__TASK__. Starting from the line with "SoccerBil profil fotoğrafı" and going up to and including the line with "定压功放与定阻功放的区别（音响系统中定压和定租的区别）", copy the listing below exactly. Leave all images out.

__RECORDS SUPPLIED__.
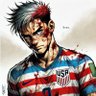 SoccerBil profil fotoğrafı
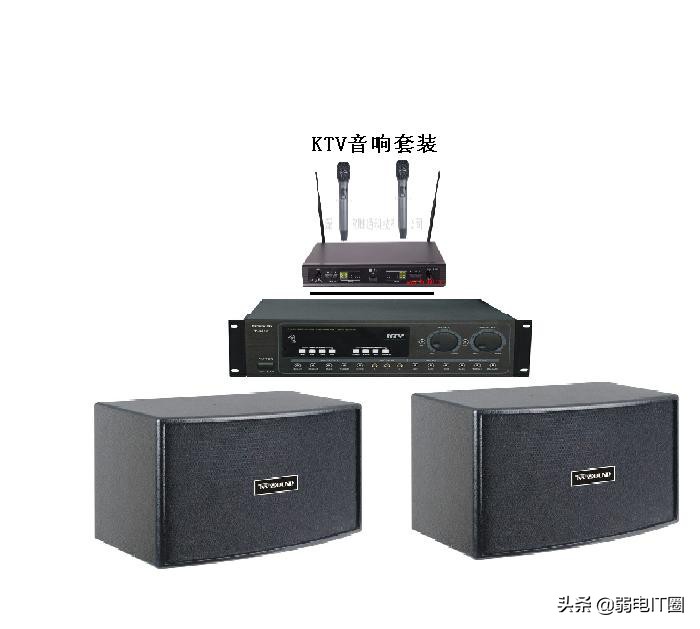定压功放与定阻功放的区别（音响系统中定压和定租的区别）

--

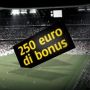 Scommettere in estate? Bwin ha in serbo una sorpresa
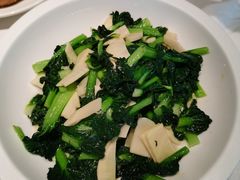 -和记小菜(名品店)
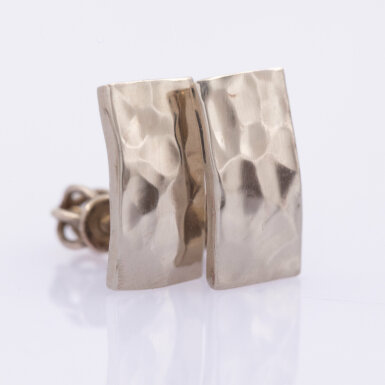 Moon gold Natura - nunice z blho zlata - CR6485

* * *

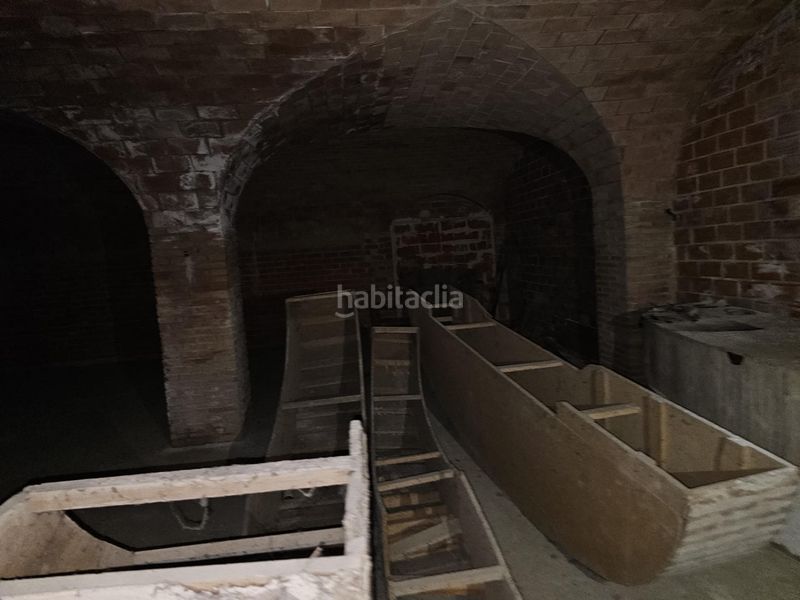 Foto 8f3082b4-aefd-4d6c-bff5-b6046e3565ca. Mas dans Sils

__RESULT OF THE TASK__.
 SoccerBil profil fotoğrafı
定压功放与定阻功放的区别（音响系统中定压和定租的区别）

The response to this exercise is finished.